Dovrebbe accadere una cosa semplice e rivoluzionaria: trasparenza proporzionata e verificabile. “Proporzionata” perché esistono informazioni che non possono essere divulgate in tempo reale senza danneggiare la sicurezza. “Verificabile” perché non basta dire “state tranquilli”. Una democrazia non vive di tranquillanti: vive di fiducia, e la fiducia nasce quando chi governa non teme le domande e non risponde con frasi prefabbricate.

In concreto, questo significa almeno tre impegni.

Il primo: chiarire pubblicamente qual è la cornice politica in cui l’Italia si muove, e quali limiti si dà. Reuters riporta che, al momento, l’Italia non avrebbe ricevuto richieste per l’uso delle basi USA sul territorio italiano in operazioni contro l’Iran, ma che resterebbe aperta a valutare eventuali proposte.  Ecco: questo passaggio, tradotto in lingua umana, dice che la porta non è chiusa per definizione e che esiste una dinamica di richieste e valutazioni. Bene. Ma allora serve anche un principio: quali condizioni? quale passaggio istituzionale? quale controllo parlamentare? quale informazione ai cittadini, almeno nei termini generali?

Il secondo: proteggere il Paese senza militarizzarne l’anima. Monitorare obiettivi sensibili, rafforzare la vigilanza, prevenire rischi è dovere dello Stato.  Ma ogni scelta di sicurezza deve essere accompagnata da una comunicazione sobria, non intimidatoria, capace di spiegare senza terrorizzare. La sicurezza che genera paura continua diventa un’altra forma di insicurezza.

Il terzo: evitare la polarizzazione morale.

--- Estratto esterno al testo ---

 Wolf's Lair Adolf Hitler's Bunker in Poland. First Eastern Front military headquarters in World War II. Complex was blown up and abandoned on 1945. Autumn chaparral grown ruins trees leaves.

In queste settimane, e ancora di più in questi giorni, l’opinione pubblica tende a dividersi in tifoserie: chi vede l’Iran come “male assoluto”, chi vede l’Occidente come “aggressore strutturale”, chi riduce tutto a complotto, chi riduce tutto a inevitabilità. In realtà, la politica internazionale è una zona grigia piena di interessi, deterrenza, errori, provocazioni, e anche tragedie civili. Proprio per questo, se vogliamo essere davvero “terra di pace”, dobbiamo imparare a non farci rubare l’intelligenza dal tifo.

C’è poi un’ultima questione, la più delicata: il rischio che la guerra — anche se lontana — diventi un’abitudine emotiva. Che ci si rassegni. Che la parola “escalation” venga pronunciata come fosse meteo. Che il destino di popoli e città venga ridotto a una riga nei mercati energetici. Reuters ricordava che, se la situazione peggiorasse, in Italia si valuterebbe persino la riattivazione di centrali a carbone per gestire eventuali stress energetici. È un dettaglio che racconta molto: la guerra cambia la vita anche dove non cadono bombe. Cambia l’economia, l’energia, la sicurezza, le relazioni internazionali, la qualità del dibattito pubblico.

Ed è qui che la Sicilia torna a essere simbolo e prova: simbolo perché è “ponte” naturale tra Nord e Sud del mondo; prova perché ci chiede di tenere insieme vocazione di accoglienza e realtà strategica, desiderio di pace e presenza militare, vita quotidiana e decisioni globali. Non è comodo. Ma è reale.

Per questo, oggi, l’articolo non può chiudersi con una frase ad effetto. Deve chiudersi con una responsabilità: la pace non è un cartello appeso a una base, né una bandiera usata per zittire le domande. La pace è un processo politico e culturale che ha bisogno di istituzioni trasparenti, cittadini adulti, media capaci di distinguere, e comunità che non cedono alla paura né alla propaganda.

Se la guerra in Iran ci sta insegnando qualcosa, è che il Mediterraneo non è un “mare di mezzo”: è una linea di pressione del mondo. E noi, qui, non possiamo limitarci a sperare che passi. Possiamo — dobbiamo — pretendere chiarezza, proteggere le persone, e continuare a dire una parola disarmata ma concreta: la sicurezza non può divorare la democrazia. E la democrazia, se resta viva, è già un pezzo di pace.